--- Dataset records ---

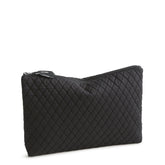 Laptop Pouch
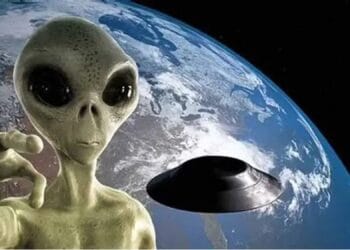 Expert: Omenirea ar putea descoperi viață extraterestră până în 2075, dar nu va arăta ca în filme!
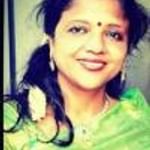 Dr.K.S Jeyarani Kamaraj - Gynaecologist, Chennai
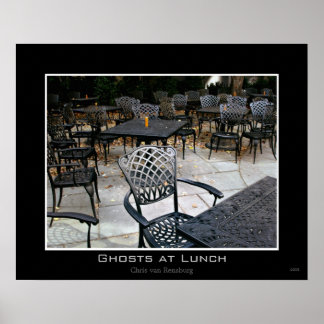 Titre Poster Modèle 4x3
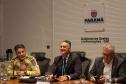reunião Descomplica PR
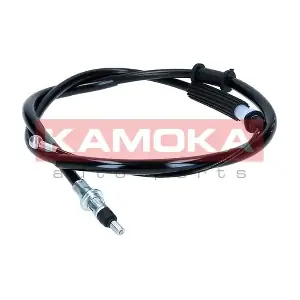 1190328 KAMOKA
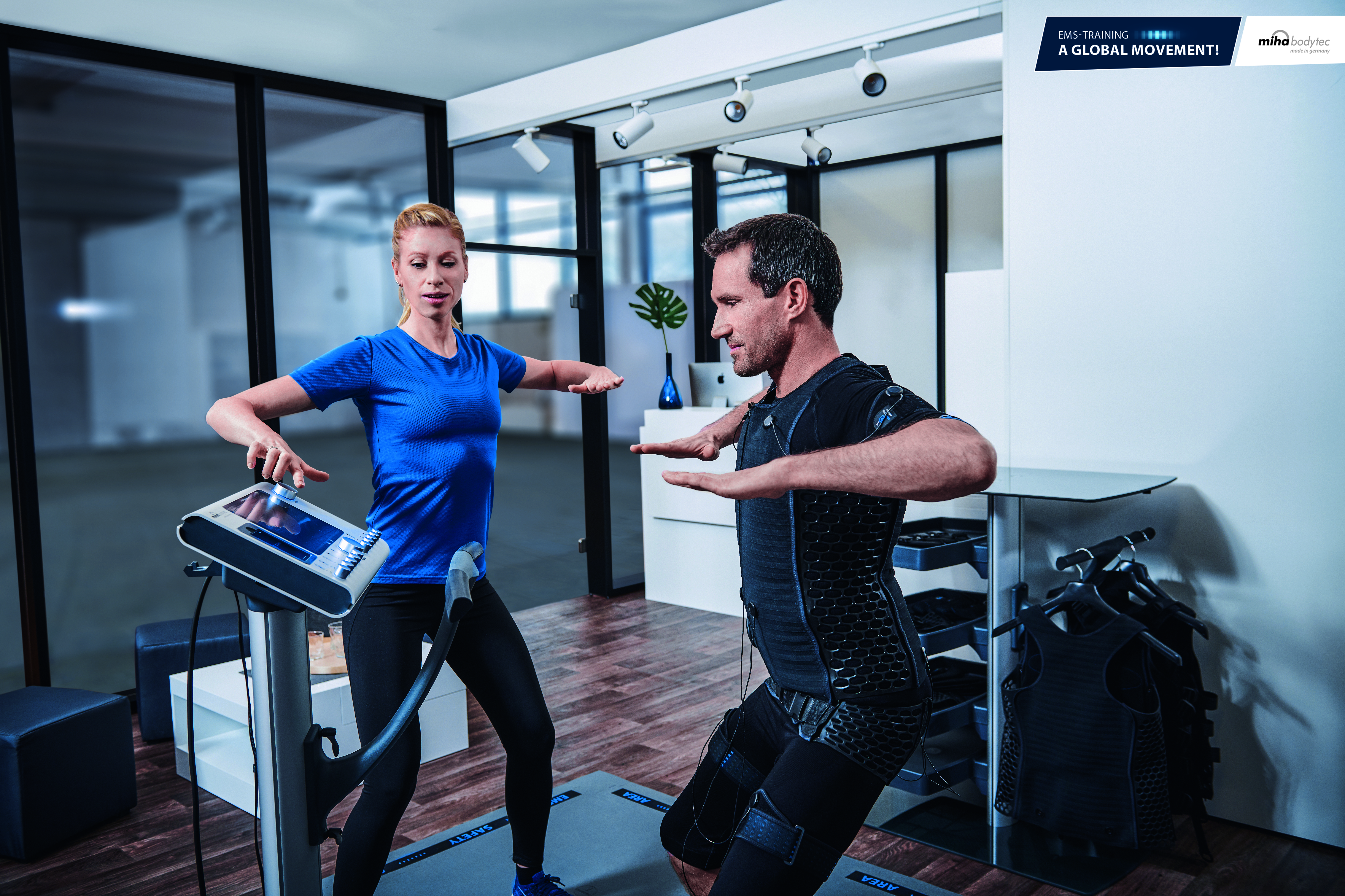 miha_bodytec_010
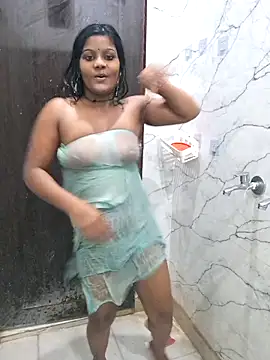 Snapshot of Rashmi_Pathak chatting on 09.20.25 Rashmi Pathak online show from 09.20.25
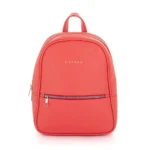 Oxylady RANAC Oxybag Leather coral Sifra 9-63022 - Slika 2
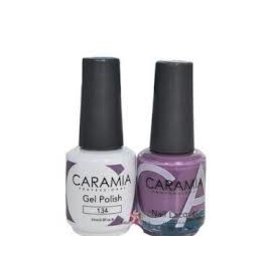 CARAMIA 134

---

▸ Task brief: Every line of the data above is to be repeated exactly; the images are to be left out.

▸ Answer to this exercise:
 Laptop Pouch
 Expert: Omenirea ar putea descoperi viață extraterestră până în 2075, dar nu va arăta ca în filme!
 Dr.K.S Jeyarani Kamaraj - Gynaecologist, Chennai
 Titre Poster Modèle 4x3
reunião Descomplica PR
 1190328 KAMOKA
 miha_bodytec_010
 Snapshot of Rashmi_Pathak chatting on 09.20.25 Rashmi Pathak online show from 09.20.25
 Oxylady RANAC Oxybag Leather coral Sifra 9-63022 - Slika 2
 CARAMIA 134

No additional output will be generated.